Most of the technology recipients operate in the fields of textiles and garments, electronics, automobiles and manufacturing.
In 2016, the South Korean side increased this number to 182, but the number of Vietnamese recipients dropped to merely 11.
This year another batch of 100 technologies have been up for transfer with the final list of recipients to be publicized later this month.
Nonetheless, according to data gathered by Tuoi Tre (Youth) newspaper, it is unlikely that many more local firms will be willing to receive a transfer.
Pham Tuan Anh, deputy head of the heavy industry department under the Ministry of Industry and Trade, confirmed to Tuoi Tre that only a modest number of local companies have received technology transfer from South Korean enterprises.
The technology transfer requires recipients to have a certain capacity in technology and capital.
“Most Vietnamese companies in the supporting industries are small- and medium-sized enterprises, and they do not meet these requirements,” Anh explained.

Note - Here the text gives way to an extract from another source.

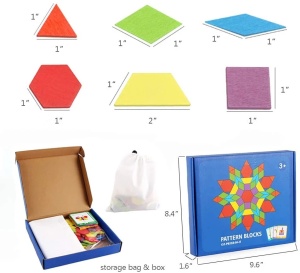 Joc de constructie Tangram din lemn cu 155 piese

Le Nguyen Duy Oanh, deputy director of the Center for Supporting Industries Development, managed by the Ho Chi Minh City Department of Industry and Trade, confirmed Anh’s view.
Oanh said Samsung had offered to transfer technology to Vietnamese businesses so they could improve themselves to the standard of suppliers to the South Korean electronics giant, but the reality is a tough road.
“In order to receive technology from Samsung, local businesses have to buy new machinery and equipment to meet the standards the South Korean company currently applies to its worldwide production chain,” Oanh explained.
Local companies are financially unable to fulfill these requirements, and “this is why there are only ten Ho Chi Minh City-based Vietnamese firms qualified to be Samsung suppliers,” Oanh added.
In other cases, the transferer and transferee cannot see eye to eye.
The director of one business in northern Vietnam said that while he was willing to invest in improving his facility to be able to receive technology from South Korea, he could not reach an agreement with the technology transferer because “[they] have totally different viewpoints.”
“We want the South Korean firm to guarantee to buy our products once we begin production with the transferred technology,” he said.
However, the director said, the South Korean firm promises only to buy ‘standardized’ products, which means “those with even lower prices than current suppliers, a requirement newcomers like [it] are never able to meet.”
Dao Phan Long, general secretary of the Vietnam Association of Mechanical Industry, explained that most Vietnamese businesses have little interest in receiving the technology transfer because distribution of their products, manufactured with the new technology, is not guaranteed.
“Manufacturing and mechanical businesses are afraid that they will be unable to sell their products after spending money on upgrading their facilities,” Long said.
Despite the low uptake, the trade ministry said the technology transfer agreement with South Korea will continue to be implemented to “allow South Korean firms to find qualified partners in Vietnam.”